TASK BRIEF: Please keep the images out and set down the data exactly as given.

DATA SEGMENT:
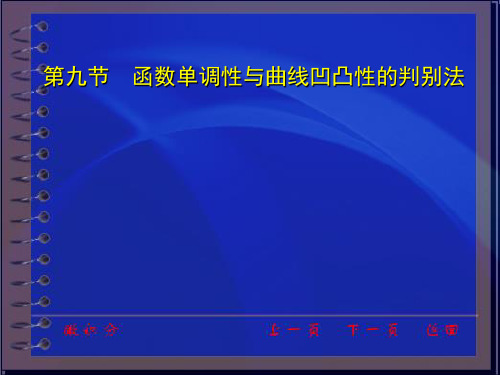 函数单调性与曲线凹凸性的判别法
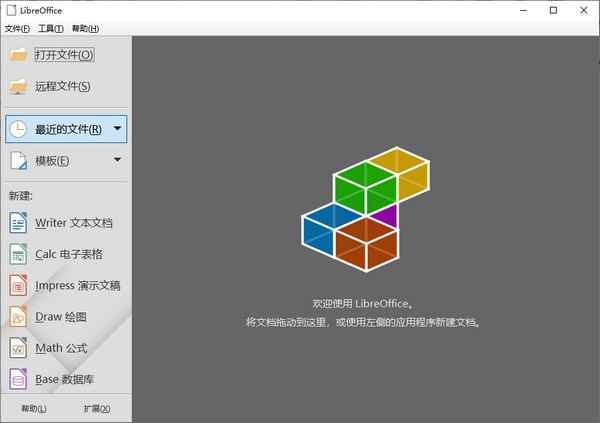 LibreOffice v24.8.4.2 官方版 (办公套件)  第1张
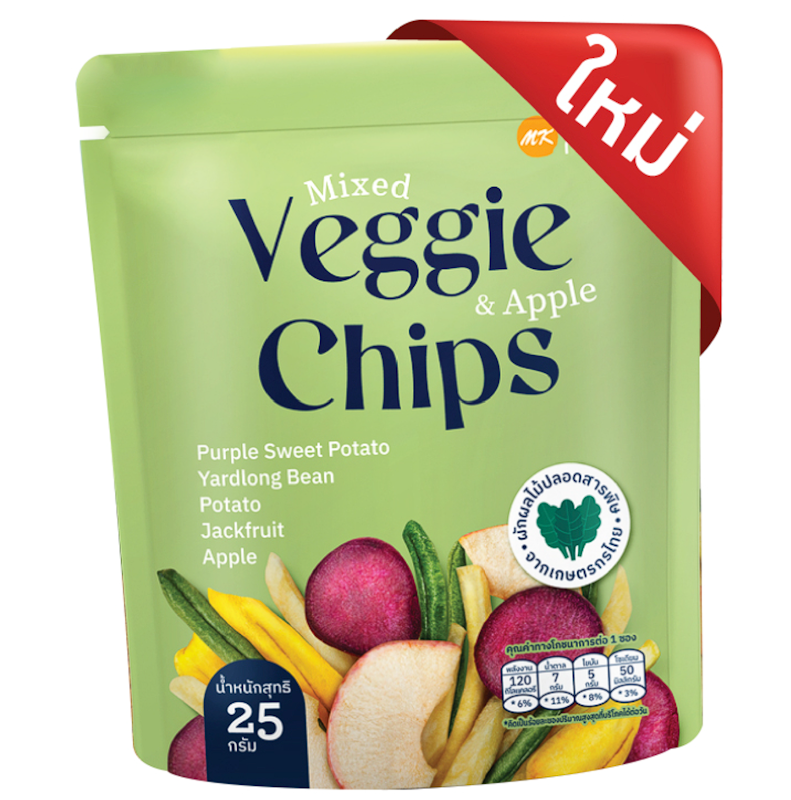 Veggie & Apple Chips 1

ANSWER TO THIS TASK:
 函数单调性与曲线凹凸性的判别法
 LibreOffice v24.8.4.2 官方版 (办公套件)  第1张
 Veggie & Apple Chips 1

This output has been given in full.